Nov 9, 2014 at 17:59 comment added COTO Ah, OK. I read something different out of your sentence structure, but I get it now.
Nov 9, 2014 at 17:54 comment added Peter Taylor @COTO, "otherwise we can rotate". I'm partitioning the matrices into equivalence classes and only testing one representative from each equivalence class.
Nov 9, 2014 at 17:51 comment added COTO "[W]e can consider only circulant matrices in which the first row is a Lyndon word". Ergo if the first row is not a Lyndon word, we cannot consider the resulting circulant matrix. Ergo the resulting circulant matrix must have property X, otherwise we would have to consider it. What am I getting confused?
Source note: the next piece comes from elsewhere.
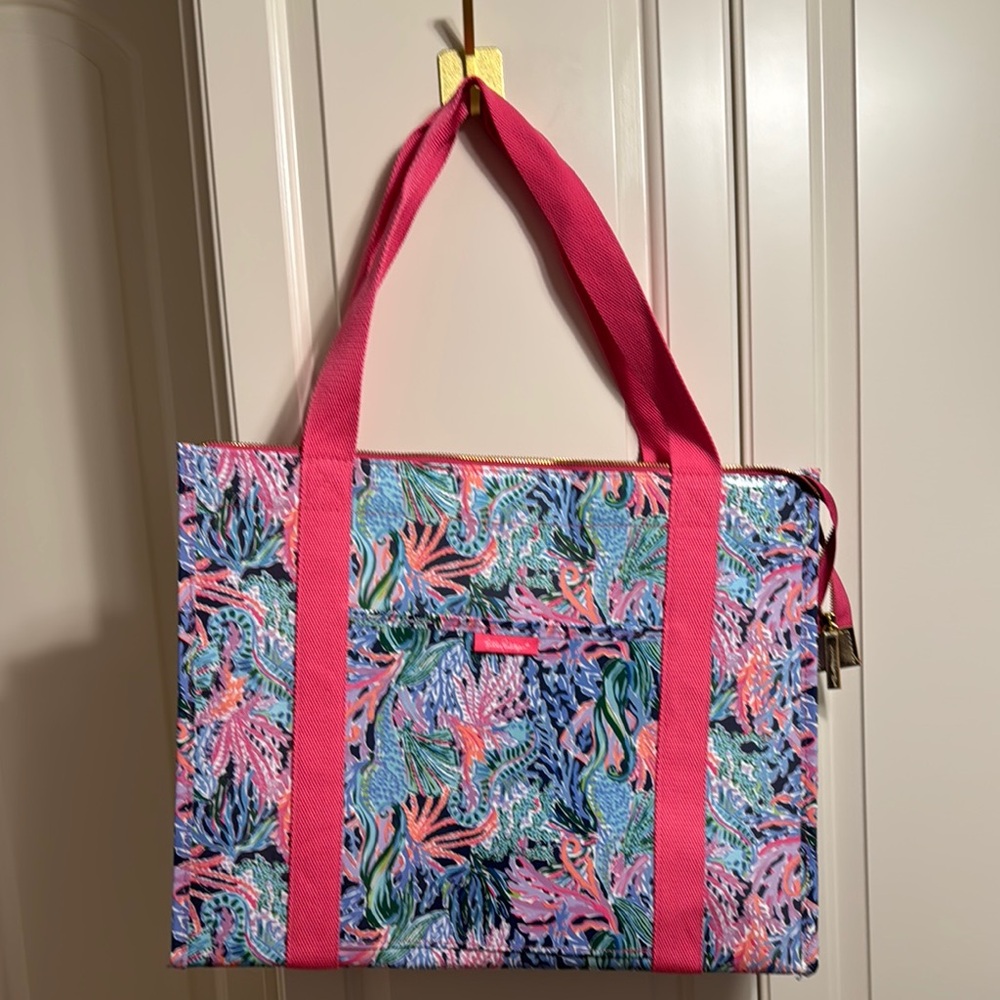 Lilly Pulitzer cooler bag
Nov 9, 2014 at 17:37 comment added Peter Taylor @COTO, I haven't stated that, and it's not true. It would imply that every matrix has property X.
Nov 9, 2014 at 17:36 comment added COTO OK, thanks. I meant to say "the absence of property X implies Lyndon wordity" since you've stated the contrapositive: that the absence of Lyndon wordity implies property X.
Nov 9, 2014 at 17:16 comment added Peter Taylor @COTO, that's not the implication. There are three types of words: non-prime words, Lyndon words, and rotations of Lyndon words. The only one for which there's an implication is that non-prime implies that every column has an identical twin (or maybe even more identical siblings) and hence has property X.
Nov 9, 2014 at 16:59 comment added COTO It isn't at all obvious to me why "we can consider only circulant matrices in which the first row is a Lyndon word". I certainly believe you, but would you indulge me in explaining why property X implies Lyndon wordity? I'd appreciate it. :)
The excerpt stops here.